# [Problem requirements]
After finding the line that contains "Luxury Hot Stone", give again that line and each one following it, exactly, until the records end.

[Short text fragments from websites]
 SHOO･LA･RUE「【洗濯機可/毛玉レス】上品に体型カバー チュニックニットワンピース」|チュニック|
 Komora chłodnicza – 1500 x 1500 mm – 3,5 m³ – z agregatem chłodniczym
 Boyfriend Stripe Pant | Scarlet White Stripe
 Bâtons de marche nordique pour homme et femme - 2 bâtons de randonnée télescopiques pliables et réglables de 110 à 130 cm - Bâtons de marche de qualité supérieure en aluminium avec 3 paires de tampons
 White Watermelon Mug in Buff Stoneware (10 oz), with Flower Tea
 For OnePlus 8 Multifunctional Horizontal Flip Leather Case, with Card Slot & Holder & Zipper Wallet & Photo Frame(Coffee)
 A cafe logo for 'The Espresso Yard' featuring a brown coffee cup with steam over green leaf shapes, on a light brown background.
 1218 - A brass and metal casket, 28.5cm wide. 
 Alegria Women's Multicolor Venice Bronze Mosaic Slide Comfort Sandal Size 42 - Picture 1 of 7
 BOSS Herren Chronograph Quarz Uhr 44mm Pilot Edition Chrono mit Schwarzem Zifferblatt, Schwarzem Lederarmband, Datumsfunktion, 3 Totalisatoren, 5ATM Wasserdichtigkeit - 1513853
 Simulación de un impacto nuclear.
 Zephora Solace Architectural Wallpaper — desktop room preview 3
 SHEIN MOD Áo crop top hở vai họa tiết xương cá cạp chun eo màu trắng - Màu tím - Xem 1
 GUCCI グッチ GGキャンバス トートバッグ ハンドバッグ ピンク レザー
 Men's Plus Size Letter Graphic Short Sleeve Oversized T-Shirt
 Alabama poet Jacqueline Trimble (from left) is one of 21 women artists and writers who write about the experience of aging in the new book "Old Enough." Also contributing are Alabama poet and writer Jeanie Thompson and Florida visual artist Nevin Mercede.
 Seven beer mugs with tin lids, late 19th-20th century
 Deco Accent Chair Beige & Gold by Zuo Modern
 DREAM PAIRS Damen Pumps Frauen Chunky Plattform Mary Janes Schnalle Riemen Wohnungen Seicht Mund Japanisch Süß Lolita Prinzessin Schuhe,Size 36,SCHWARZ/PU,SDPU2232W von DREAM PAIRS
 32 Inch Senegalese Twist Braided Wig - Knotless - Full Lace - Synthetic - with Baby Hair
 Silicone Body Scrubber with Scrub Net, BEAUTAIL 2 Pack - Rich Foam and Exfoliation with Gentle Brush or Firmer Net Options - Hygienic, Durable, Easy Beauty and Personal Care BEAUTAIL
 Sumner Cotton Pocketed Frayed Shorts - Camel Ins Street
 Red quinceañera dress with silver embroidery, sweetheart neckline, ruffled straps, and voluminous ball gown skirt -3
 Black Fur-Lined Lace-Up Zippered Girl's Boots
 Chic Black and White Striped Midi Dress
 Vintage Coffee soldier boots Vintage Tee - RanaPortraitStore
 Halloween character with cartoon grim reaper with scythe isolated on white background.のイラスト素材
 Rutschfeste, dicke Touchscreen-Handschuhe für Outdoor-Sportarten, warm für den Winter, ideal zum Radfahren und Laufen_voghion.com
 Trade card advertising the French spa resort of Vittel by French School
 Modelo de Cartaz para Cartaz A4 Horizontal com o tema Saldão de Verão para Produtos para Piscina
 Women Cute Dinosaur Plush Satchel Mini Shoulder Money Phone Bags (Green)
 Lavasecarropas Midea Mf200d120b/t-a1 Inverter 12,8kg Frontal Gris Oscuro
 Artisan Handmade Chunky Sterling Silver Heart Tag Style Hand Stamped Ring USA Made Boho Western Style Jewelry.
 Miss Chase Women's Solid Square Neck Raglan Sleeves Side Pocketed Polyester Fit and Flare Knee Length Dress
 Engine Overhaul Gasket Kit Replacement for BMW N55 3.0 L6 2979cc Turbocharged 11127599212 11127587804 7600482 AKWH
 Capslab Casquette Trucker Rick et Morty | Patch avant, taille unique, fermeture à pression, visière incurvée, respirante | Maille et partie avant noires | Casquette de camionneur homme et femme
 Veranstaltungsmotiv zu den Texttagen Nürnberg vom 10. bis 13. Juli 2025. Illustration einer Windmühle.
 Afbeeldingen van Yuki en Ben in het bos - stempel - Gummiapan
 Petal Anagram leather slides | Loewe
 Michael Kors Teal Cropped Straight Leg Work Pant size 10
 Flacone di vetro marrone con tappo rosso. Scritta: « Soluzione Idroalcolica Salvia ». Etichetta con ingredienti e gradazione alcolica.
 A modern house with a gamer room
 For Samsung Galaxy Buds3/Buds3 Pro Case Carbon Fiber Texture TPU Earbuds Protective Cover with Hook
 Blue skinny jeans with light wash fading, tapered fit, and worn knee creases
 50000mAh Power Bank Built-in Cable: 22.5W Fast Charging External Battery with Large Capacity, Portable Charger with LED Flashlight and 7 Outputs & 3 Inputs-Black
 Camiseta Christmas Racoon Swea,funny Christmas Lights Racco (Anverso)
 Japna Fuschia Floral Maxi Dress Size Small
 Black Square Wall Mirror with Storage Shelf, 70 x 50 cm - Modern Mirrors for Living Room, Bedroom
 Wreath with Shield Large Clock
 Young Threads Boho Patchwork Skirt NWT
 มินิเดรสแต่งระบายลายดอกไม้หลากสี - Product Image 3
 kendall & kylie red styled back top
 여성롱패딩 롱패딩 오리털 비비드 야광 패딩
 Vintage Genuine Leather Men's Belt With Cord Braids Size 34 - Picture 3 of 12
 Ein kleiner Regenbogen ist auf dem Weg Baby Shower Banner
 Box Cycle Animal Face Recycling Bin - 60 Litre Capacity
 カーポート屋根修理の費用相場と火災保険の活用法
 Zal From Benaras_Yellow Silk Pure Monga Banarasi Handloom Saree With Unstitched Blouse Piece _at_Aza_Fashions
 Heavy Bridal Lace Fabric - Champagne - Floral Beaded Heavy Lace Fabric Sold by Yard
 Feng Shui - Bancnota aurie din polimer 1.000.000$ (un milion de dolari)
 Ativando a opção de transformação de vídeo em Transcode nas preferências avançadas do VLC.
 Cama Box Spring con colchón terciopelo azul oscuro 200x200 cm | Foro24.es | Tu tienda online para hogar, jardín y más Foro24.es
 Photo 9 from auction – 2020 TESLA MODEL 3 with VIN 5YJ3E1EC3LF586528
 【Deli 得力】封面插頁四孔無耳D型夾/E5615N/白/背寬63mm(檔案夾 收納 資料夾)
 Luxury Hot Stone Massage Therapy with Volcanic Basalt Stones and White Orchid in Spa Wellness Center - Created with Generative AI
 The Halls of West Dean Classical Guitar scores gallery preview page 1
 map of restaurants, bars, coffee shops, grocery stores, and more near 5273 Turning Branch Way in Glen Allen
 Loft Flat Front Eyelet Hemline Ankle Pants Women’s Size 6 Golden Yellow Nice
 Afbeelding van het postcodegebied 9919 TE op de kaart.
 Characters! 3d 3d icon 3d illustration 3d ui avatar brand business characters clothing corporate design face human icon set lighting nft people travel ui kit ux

# [Final answer]
 Luxury Hot Stone Massage Therapy with Volcanic Basalt Stones and White Orchid in Spa Wellness Center - Created with Generative AI
 The Halls of West Dean Classical Guitar scores gallery preview page 1
 map of restaurants, bars, coffee shops, grocery stores, and more near 5273 Turning Branch Way in Glen Allen
 Loft Flat Front Eyelet Hemline Ankle Pants Women’s Size 6 Golden Yellow Nice
 Afbeelding van het postcodegebied 9919 TE op de kaart.
 Characters! 3d 3d icon 3d illustration 3d ui avatar brand business characters clothing corporate design face human icon set lighting nft people travel ui kit ux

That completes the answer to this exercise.